# Exercise goal
The material below holds a span beginning at the line with "Image of T-Shirts." and ending at the line with "2018 Honda CR-V". Quote that span exactly, both ends included, and only that span.

# Entries provided
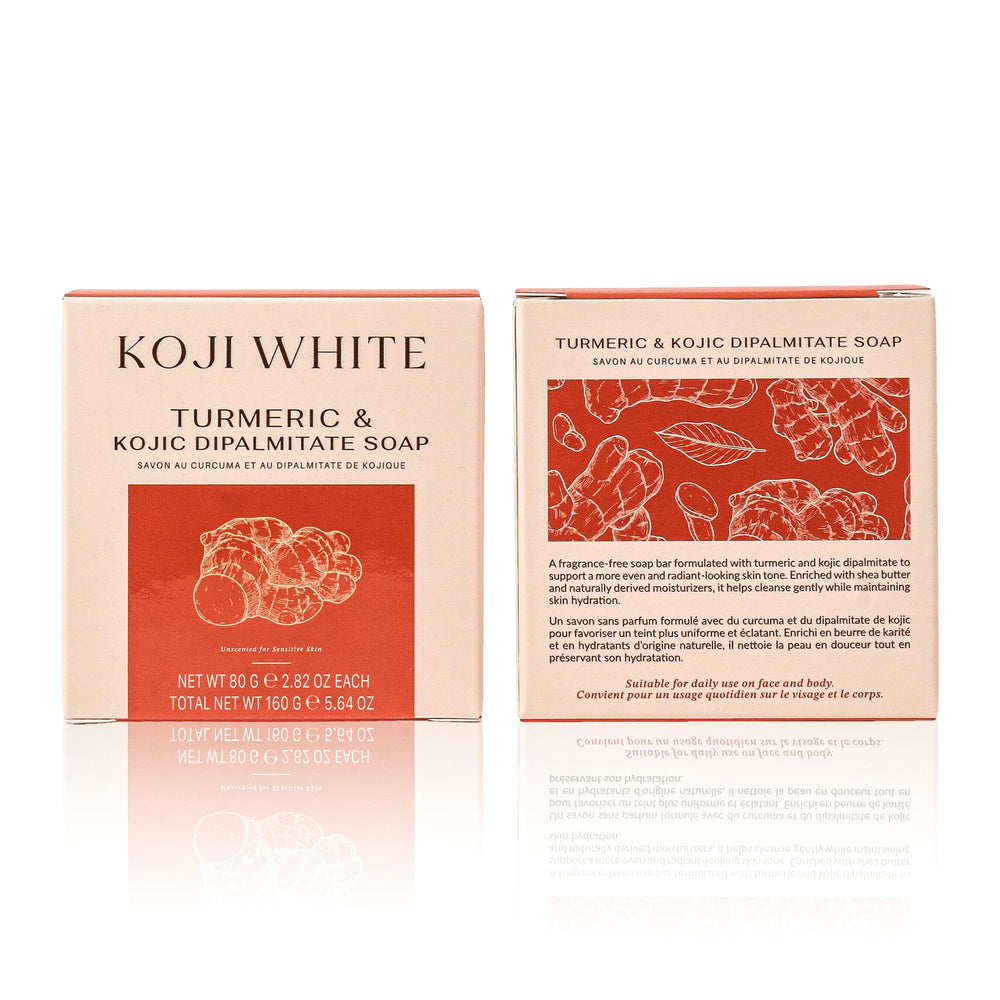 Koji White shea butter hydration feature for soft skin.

--

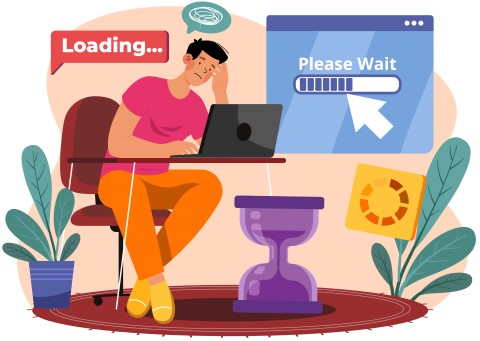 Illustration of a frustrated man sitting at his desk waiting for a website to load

...

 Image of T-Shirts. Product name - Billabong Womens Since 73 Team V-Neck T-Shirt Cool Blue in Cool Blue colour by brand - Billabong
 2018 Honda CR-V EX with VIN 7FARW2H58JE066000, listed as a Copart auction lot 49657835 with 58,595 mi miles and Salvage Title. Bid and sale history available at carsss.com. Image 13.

# Result of the exercise
 Image of T-Shirts. Product name - Billabong Womens Since 73 Team V-Neck T-Shirt Cool Blue in Cool Blue colour by brand - Billabong
 2018 Honda CR-V EX with VIN 7FARW2H58JE066000, listed as a Copart auction lot 49657835 with 58,595 mi miles and Salvage Title. Bid and sale history available at carsss.com. Image 13.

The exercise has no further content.